:: WORK REQUEST ::
Which lines run from the one containing "Cortana - Meena" to the end of the listing below? Write them out exactly, both ends included, with nothing else.

"""

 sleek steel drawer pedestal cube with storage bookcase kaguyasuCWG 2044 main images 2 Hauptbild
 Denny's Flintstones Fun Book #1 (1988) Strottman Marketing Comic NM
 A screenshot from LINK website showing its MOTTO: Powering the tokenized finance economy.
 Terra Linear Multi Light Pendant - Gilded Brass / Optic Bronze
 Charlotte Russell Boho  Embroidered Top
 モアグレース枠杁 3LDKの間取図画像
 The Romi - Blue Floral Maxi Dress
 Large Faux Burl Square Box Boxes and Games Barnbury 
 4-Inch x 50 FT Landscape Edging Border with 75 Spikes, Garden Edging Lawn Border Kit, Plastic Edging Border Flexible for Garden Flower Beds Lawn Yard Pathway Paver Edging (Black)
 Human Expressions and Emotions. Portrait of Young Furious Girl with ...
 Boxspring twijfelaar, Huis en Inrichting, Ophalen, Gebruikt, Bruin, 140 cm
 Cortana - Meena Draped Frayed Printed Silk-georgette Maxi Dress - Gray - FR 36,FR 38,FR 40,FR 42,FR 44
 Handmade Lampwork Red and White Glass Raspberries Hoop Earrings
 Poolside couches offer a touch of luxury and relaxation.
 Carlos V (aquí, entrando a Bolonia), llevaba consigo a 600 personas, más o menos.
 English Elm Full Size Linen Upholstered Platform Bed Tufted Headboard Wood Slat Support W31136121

"""

:: SOLUTION TO THIS TASK ::
 Cortana - Meena Draped Frayed Printed Silk-georgette Maxi Dress - Gray - FR 36,FR 38,FR 40,FR 42,FR 44
 Handmade Lampwork Red and White Glass Raspberries Hoop Earrings
 Poolside couches offer a touch of luxury and relaxation.
 Carlos V (aquí, entrando a Bolonia), llevaba consigo a 600 personas, más o menos.
 English Elm Full Size Linen Upholstered Platform Bed Tufted Headboard Wood Slat Support W31136121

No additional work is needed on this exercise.